Tuesday, February 05, 2013

Sif, Goddess of... Prosperity?

We've talked a little bit about Sif before on the blog -- mostly in regard to how little we have in the source material attesting to her character, which I'd like to recap briefly:
Sif
Thor's wife, Sif, is only related to us in any real detail in two places. A story in the Skáldskaparmál (from Snorri's Prose Edda) during which Loki shaves off her hair in the night as a cruel prank, and within a poem called the Lokasenna in the Poetic Edda where Loki insults by turns the majority of those residing in Asgard, Sif included. Sif is greatly upset by the loss of her hair, and Loki, to make amends (and probably to prevent Thor from delivering a beating he wouldn't soon forget) retrieves for her a wig of golden hair from the dwarves to replace it. In the Lokasenna, Loki accuses Sif of taking him as her lover. We don't know if Sif actually did have an affair with Loki or not, as it is neither confirmed nor denied anywhere else in the remaining myths and she doesn't refute it in the poem.

We know Sif is beautiful, but other than these two accounts, we know nothing about her character. My own interpretation of Sif from these bits and pieces is of a vain goddess, and from the way she addresses Loki in the Lokasenna it almost sounds as though because of her relationship with him, she expects him not to insult her.
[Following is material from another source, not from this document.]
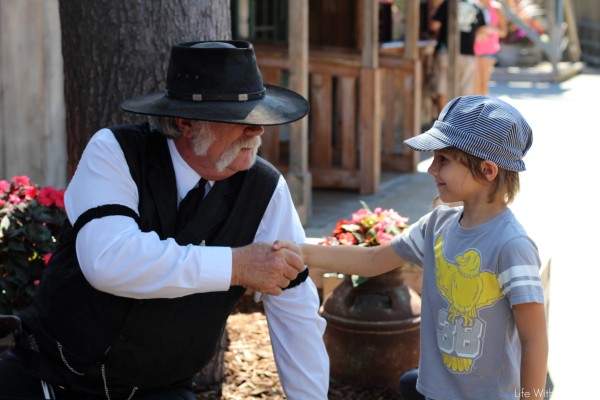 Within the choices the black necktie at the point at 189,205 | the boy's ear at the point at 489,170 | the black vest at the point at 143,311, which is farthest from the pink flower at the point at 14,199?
the boy's ear at the point at 489,170

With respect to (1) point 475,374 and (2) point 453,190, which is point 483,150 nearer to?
(2) point 453,190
I wouldn't be surprised if Loki appealed to her vanity to get her into bed with him, since Thor is so often out wandering and getting into fights with giants.

But there's a third discussion of Sif's character that I mentioned in a later post, from the Lay of Hárbarðr, wherein a disguised Odin, in a match of insult with Thor, tells his son that Sif is having an affair and he should get back home and deck that guy instead of standing around unarmed in a battle of wits. Add to this the established fact that Sif has a son, Ullr, who is most explicitly named as Thor's step-son, and it gives you some food for thought. Either Sif had an affair with someone before her marriage to Thor (totally plausible) or she had an affair after she married Thor.

Admittedly, both of these accusations regarding Sif's fidelity are brought out in Flyting Poems, wherin the entire point is to out-insult the other party. And just as admittedly, calling a dude a cuckold is probably low-hanging fruit. But you have to wonder. Or at least I do. Especially when there is so little else to support any indication of Sif's character beyond the story of her hair being shorn, are these two references to her as an adulteress preserved for a reason? Is it another way to show that Thor is kind of a dumb ox, too stupid to realize his wife is fooling around behind his back? But if so, it's only powerful if it's true.

Now it's pretty well assumed that Sif's golden hair is an association with wheat and the bounty of the harvest, and her marriage to Thor is maybe representative of the union of sky god and earth goddess -- the rain falling to fertilize the fields -- but I'm not sure this makes Sif herself a goddess of fertility, so much as it reflects upon Thor's position as a god of fertility. But what if Sif with her golden hair made of magic, practically living gold, was a goddess of prosperity instead? The sheering of her hair being representative of the harvest and the reaping of wheat is pretty well accepted, but instead of Sif growing that hair back like any normal person, it's replaced with gold. What if she's the goddess invoked to protect the STORES, the goddess of the gathered bounty, and the wealth it can provide in exchange.

There isn't, that I've found so far, any sign or symbolism related to Sif as a healer, but prosperity is hardly limited to grain and money (though I do kind of like the idea of her being a goddess of bread and beer, just because... alliteration). Prosperity is a product of health -- a man being strong enough to plow his fields and plant his seed, then capable of harvesting it, bringing it to market after that. It's a product of surviving childbirth and raising those kids to adulthood to help work the fields and support the family.

But if she's a goddess concerned with wealth, that certainly might relate to greed and vanity, in addition. Success and prosperity is so often caught up in honor and respect. Appearances and keeping up with the Joneses, next door. And if Thor is running around having affairs with Giantesses -- Jarnsaxa is the father of Magni, Thor's son -- and leaving her at home while he goes about Adventuring, it isn't difficult to believe that Sif might be inclined to punish him for the perceived slight to herself. And what Sif can give by way of prosperity, bounty, children, gold, honor, health, I have no trouble believing she can take away.

Maybe that's why the only child Sif and Thor have together is one, single daughter, Thrud.